This Sunday, December 24, 2017, we continued our mini-Via theme of AHSCKNYE, which stands for Advent, Hanukkah, Solstice, Christmas, Kwanzaa, New Years and Epiphany. We celebrate all of these traditions at Jubilee! Circle, recognizing the depth and the breadth of the spiritual expressions of humanity. Below is an excerpt from the Dec. 24, 2017 sermon celebrating the miracle of trust, along with a link to the sermon audio.
From the Hebrew Scriptures: Isaiah 9:2-7: The people who walked in darkness have seen a great light
From the Jesus Story: Luke 2: 8-20: And Mary kept all these things, pondering them in her heart.
From A Course in Miracles, Chapter 15: This Christmas give the Holy Spirit everything that would hurt you.

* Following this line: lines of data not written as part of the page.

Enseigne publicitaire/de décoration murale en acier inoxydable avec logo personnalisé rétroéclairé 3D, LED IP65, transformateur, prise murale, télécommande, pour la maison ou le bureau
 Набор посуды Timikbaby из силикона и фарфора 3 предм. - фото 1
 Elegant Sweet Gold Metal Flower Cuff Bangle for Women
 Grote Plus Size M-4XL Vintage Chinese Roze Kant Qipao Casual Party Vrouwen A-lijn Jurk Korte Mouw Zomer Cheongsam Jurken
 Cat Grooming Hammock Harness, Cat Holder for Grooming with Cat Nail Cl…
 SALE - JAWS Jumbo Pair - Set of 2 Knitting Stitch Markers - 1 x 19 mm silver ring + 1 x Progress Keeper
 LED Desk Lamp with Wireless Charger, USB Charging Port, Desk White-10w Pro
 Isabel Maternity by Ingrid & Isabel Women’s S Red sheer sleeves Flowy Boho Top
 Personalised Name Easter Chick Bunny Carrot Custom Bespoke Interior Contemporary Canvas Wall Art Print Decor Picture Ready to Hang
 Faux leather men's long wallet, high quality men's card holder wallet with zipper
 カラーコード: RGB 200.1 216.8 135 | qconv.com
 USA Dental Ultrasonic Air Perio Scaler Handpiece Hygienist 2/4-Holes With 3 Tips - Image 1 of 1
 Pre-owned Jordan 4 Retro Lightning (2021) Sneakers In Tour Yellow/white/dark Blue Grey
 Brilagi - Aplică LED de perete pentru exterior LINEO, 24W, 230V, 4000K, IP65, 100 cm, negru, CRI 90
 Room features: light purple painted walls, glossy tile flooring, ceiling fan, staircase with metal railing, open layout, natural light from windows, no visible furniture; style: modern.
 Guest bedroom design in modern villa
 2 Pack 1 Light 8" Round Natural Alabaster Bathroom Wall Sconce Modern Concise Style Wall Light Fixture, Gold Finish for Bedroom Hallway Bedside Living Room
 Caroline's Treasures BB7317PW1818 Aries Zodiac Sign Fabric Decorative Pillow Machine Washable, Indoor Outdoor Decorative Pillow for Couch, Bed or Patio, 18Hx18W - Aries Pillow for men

Song used in the sermon: Come Darkness, Come Light by Mary Chapin Carpenter
If you want to learn all about the miracle of trust, children would be a great place to start. Other than, perhaps, dogs, there are no more trusting creatures on this earth. You can disappoint children over and over again, and still, they have this unshakable trust that perhaps the next time will be different and they will see, or receive, what they have hoped for.
Perhaps this is why it’s important for Jesus to come into the world as a little child. Now, we can debate about whether Mary was really a virgin before the birth, and some theologians would argue that she remained one even after the birth, but what’s important here is this: Jesus’ birth is the moment we realize the incarnation. Now, I didn’t say that it was the first time incarnation ever happened.
I’m saying that it was Jesus’ appearance, in that squalling, drooling and pooping baby body, that we finally were able to see the divinity that resided not just within that tiny body, but within every body – within every living creature that begins life as a tiny, wriggling, and often slimy, body.
Those shepherds watching their flocks that night who were treated to a choir of heavenly angels announcing Jesus’ birth knew there was something special about this brand-new baby boy. Not just because the birth announcement was extravagant, but because the angels told them that the Messiah was born. Now, to the Jews, this is an epic event. They’ve waited their entire lives for the Messiah – the warrior who would lead them out of bondage and into freedom.
They, like many others, however, expected this Messiah to already be a great warrior, not a slobbering kid sleeping in stable, unable to hold up his own head, let alone ride a mighty steed and swing a fiery sword. Christmas is God’s great reversal of our expectations. We get a Messiah, but not the one we expect.
Instead, this little burping and pooping Messiah was born to show us that nobody’s riding to our rescue us out here in this world of illusion. Instead, this birth revealed the incarnation that exists – and has always existed – within each of us. The Messiah is born on this night, and every night. The Messiah was born the night we were each birthed, because we are the Messiah. We are the ones sent to save the world. We are the ones sent to bring the good news of great joy for all the people.
The good news does not come from places of power. What’s the last piece of good news you’ve heard from Washington, DC or the South Carolina State House? The collective ego consciousness we have created in this world is not where the true power lies – even though those wrapped up in those power structures believe that it does. Instead, true power lies within a lowly manger, within the humble beginnings of a baby, surrounded by his mother’s blood, the stench of the animals, and the rough elements.
Incarnation is not tidy, it is not clean or cut and dried. Incarnation is messy. It is bloody, it is smelly, it is dirty. But this blood that we are all birthed in is sacred because it is the source of our own divinity … it symbolizes our new life as incarnations of God.
Christmas is the time for each of us to take the journey of the wise men and follow that star of our higher consciousness back to the humble stable of our birth – to rediscover the trusting child within each of us – that divinity that knows the universe is rigged in our favor.
In the darkness of our times, it can be hard to remember that the universe is a friendly place, ready to help us become the Messiah’s – the ministers of God – that we are all destined to become in our own way during this lifetime. The true meaning of Christmas, I would assert, is this, to rediscover your childlike trust and wonder in this world.
This bodily world may be an illusion – but, it is an important one because while we exist here we are learning lessons about where we must place our trust. Will we trust those who have built egoic structures of power that oppress the poor and outcast and take advantage of others? Or, will we put our trust in the divinity of every person we meet, every person we hear about, every person we call friend, family or foe? Will we take the journey, not just to our own inner mangers, but to visit their mangers as well, to see them as tiny, innocent, divinity filled infants – all of us called to embody a higher consciousness?